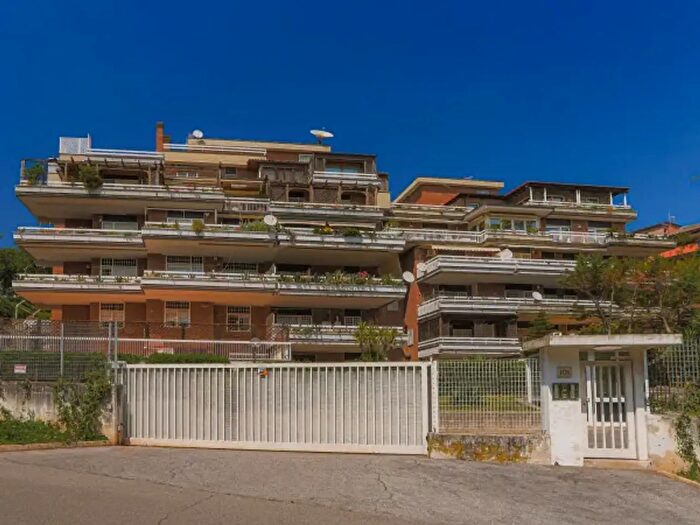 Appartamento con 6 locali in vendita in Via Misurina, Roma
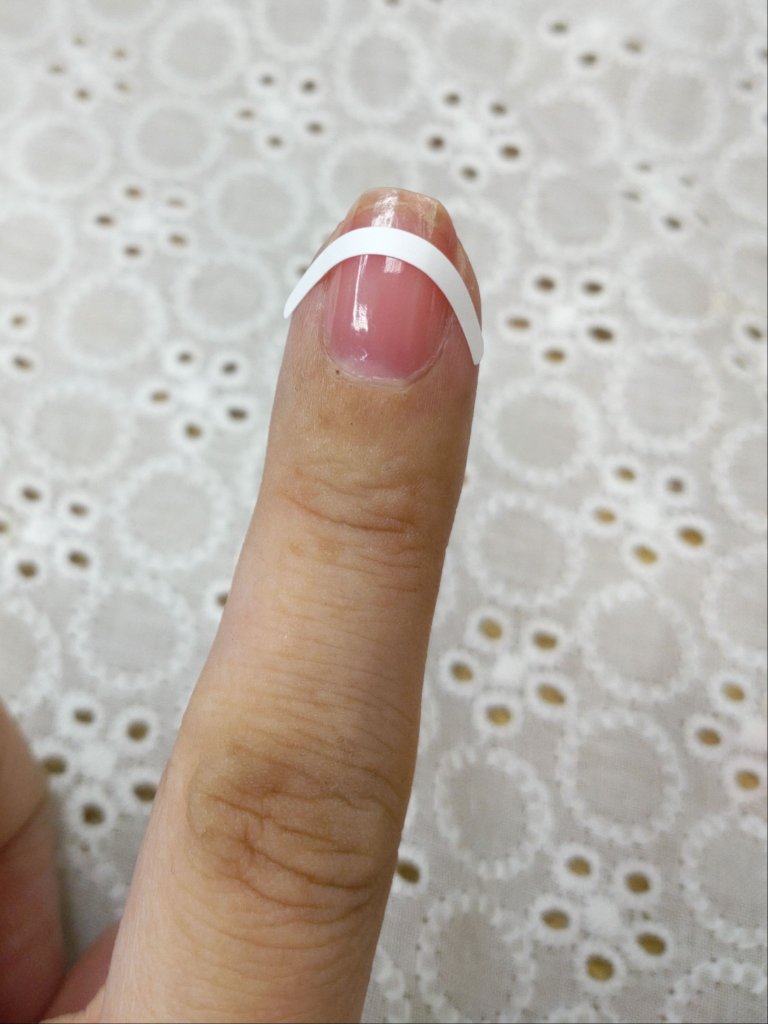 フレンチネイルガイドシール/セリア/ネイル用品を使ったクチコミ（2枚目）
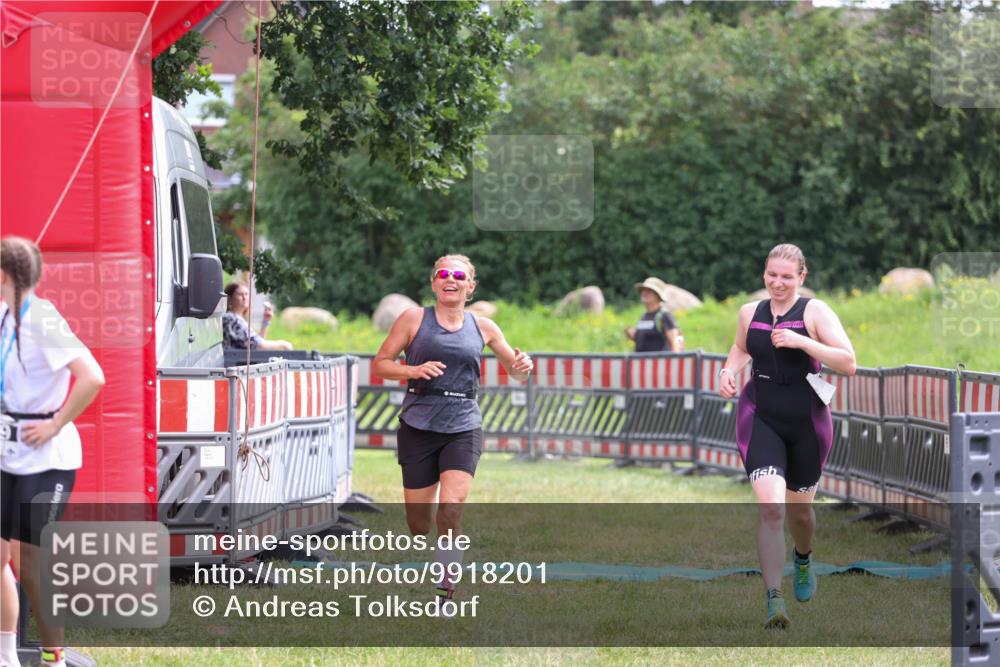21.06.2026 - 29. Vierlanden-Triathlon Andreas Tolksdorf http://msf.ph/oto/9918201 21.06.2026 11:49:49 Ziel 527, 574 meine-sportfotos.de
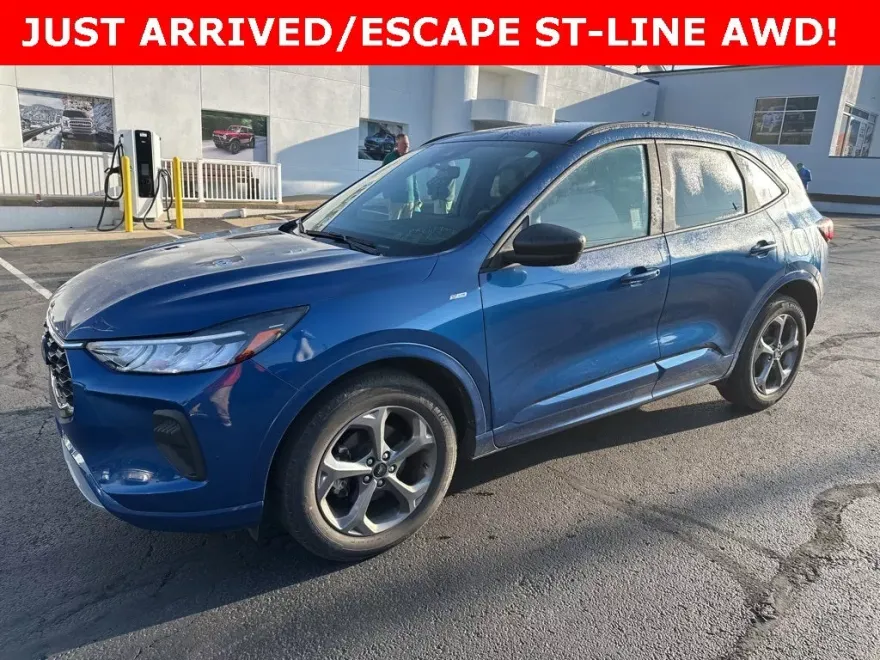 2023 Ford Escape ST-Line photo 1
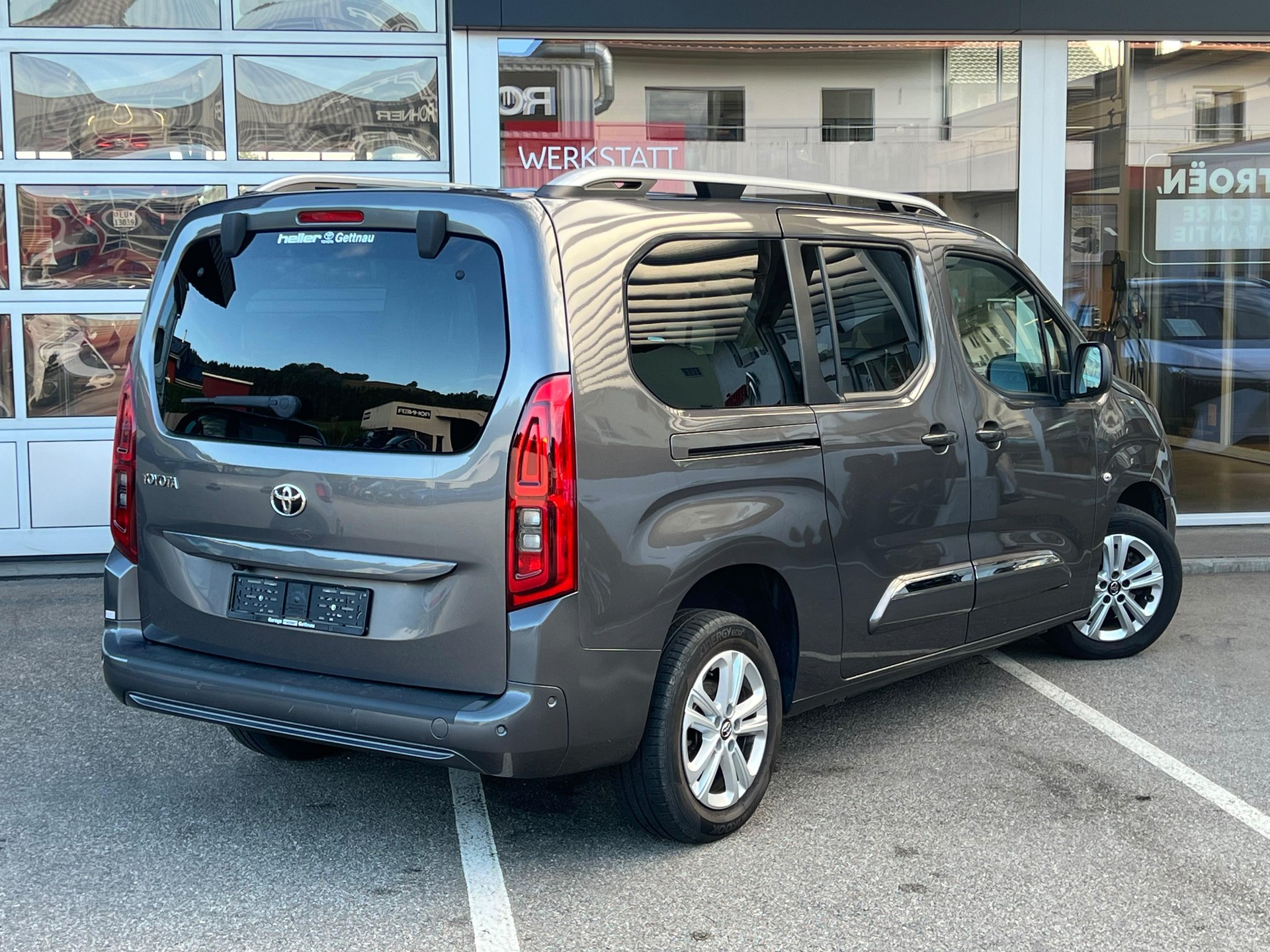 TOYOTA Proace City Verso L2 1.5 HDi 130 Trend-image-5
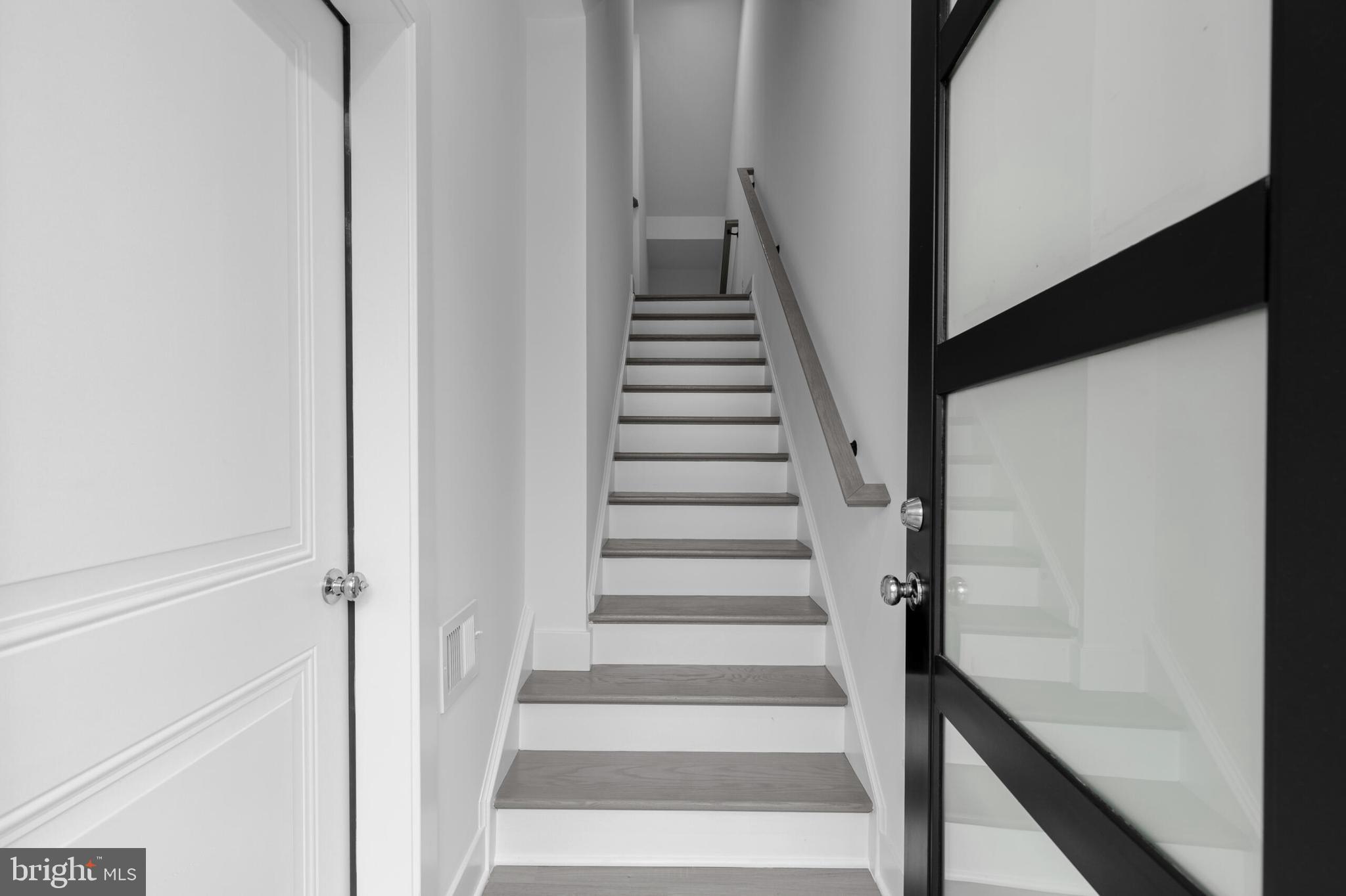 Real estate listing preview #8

++++++++++++++++++++

▸ **Your assignment**
Once the line containing "TOYOTA Proace City" has been found, write out exactly that line and each one after it through the end of the data, leaving out every picture.

▸ **Written response**
 TOYOTA Proace City Verso L2 1.5 HDi 130 Trend-image-5
 Real estate listing preview #8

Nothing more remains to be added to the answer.